To reach this conclusion, however, Gingerich's view of cosmic history must stop at the present moment, with human intelligent life dominant over the Earth, and thus he refuses to reflect on the cosmic future and the likelihood that in the distant future all life will almost certainly be extinguished, because in that case we might as well conclude that the cosmos has been fine-tuned for eternal death.

If we could look at the entire history of the cosmos, we might see that during the first 10 billion years, there was no life; and then after a few billion years of life, the universe became eternally dead again.  So now life, including intelligent life, would seem to be only a momentary event in cosmic history.  Now, it would seem that the cosmos has been fine-tuned for an eternity of mindless death.

Many other prominent scientists have made claims like Gingerich about how the fine-tuning of the universe supports a theistic view of human life as the fulfillment of divine purposefulness.  This is a new version of the old argument from design (first stated by Plato)--that if nature looks like it has been intelligently designed, then this must point to a divinely intelligent designer.

Christian, Brown, and Benjamin do not mention such scientific theism as an alternative to their position.  Although they do not explicitly say so, they imply that modern science must be atheistic.  They certainly make it clear that the Biblical origin story must be rejected as false.

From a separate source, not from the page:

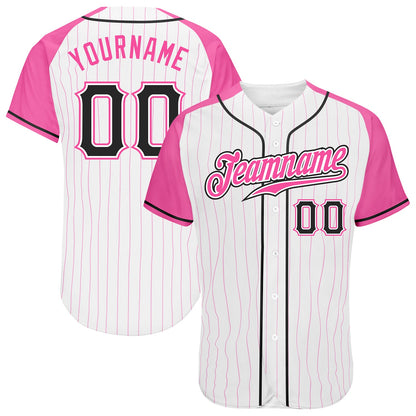 Custom White Pink Pinstripe Black-Pink Authentic Raglan Sleeves Baseball Jersey - Sky-Custom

My position falls somewhere in between Gingerich and the Big History folks.  I agree with Gingerich that modern science does not dictate atheism, because scientific answers to questions about how things work fall short of answering questions about why they work that way, which are the questions that open up the possibility of divine purposefulness.  Questions about first causes point to the problem of ultimate explanation--that all explanation depends on some ultimate reality that cannot itself be explained.  All explanation presupposes the observable order of nature as the final ground of explanation.  To the question of why nature exists, or why it has the order that it does, there are only two possible answers.  Either we say this is a brute fact of our experience: that's just the way it is! Or we move beyond nature to nature's God as the creator of nature, but then we cannot explain why God is the way He is.  In looking for an ultimate explanation, we must stop somewhere with something that is unexplained--either an uncaused or self-caused nature or an uncaused or self-caused God.

If we could imagine ourselves somehow--billions of years into the future--being there to observe the end of all life and the approaching darkness of cosmic death, we might say: Well, it was good while it lasted.